Stephen Henderson said he couldn’t have been more proud of Monica for supporting a cause she feels deeply about.
“Even though she was in pain, she was like, ‘It’s an amazing experience,’ and it gave her a different perspective on life,” he said.
After a tearful reunion with family members and celebrating with team members, the runners held a small ceremony where they shared memories and admirations about some of their peers. Cheyenne Greenside, a recent graduate of University of Alaska Fairbanks, was Henderson’s running partner on the first day of the marathon.

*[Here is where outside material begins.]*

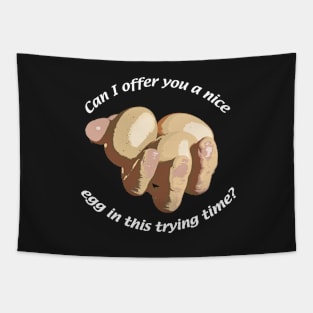 Its Always Sunny - Egg? Tapestry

“No matter what, injured, hurt, annoyed, tired, she’s always out there dancing and screaming and yelling your name,” Greenside said of Henderson at the ceremony.
Henderson fought through her injuries with positivity. Though she was in pain, she said she constantly reminded herself that even running half of what her teammates were running was an accomplishment.
“I feel like it’s a runner’s thing,” Henderson said. “You’re always in pain. But it’s okay … it means that you’re working hard.”
But her teammates weren’t the only thing motivating her. Every day, Henderson wrote the names of loved ones, friends and strangers on her body to remind her of her mission.
“When miles get rough and it’s 90 degrees, giving up isn’t a possibility, for I see these names that push me,” Henderson said in a Facebook post June 23. “I’m running in honor of all cancer warriors. They inspire me.”
She plans on giving herself a few days off to let her injuries rest. But after running 4,000 miles, Henderson said running for her will never be the same — for the better.
“I’ve rekindled my love for running. Before this trip it was a little harder to get going and out the door, but I don’t ever want to lose this high,” Henderson said. “I like to say this is a chapter in my book that’s ending, but it’s influencing the rest of the story.”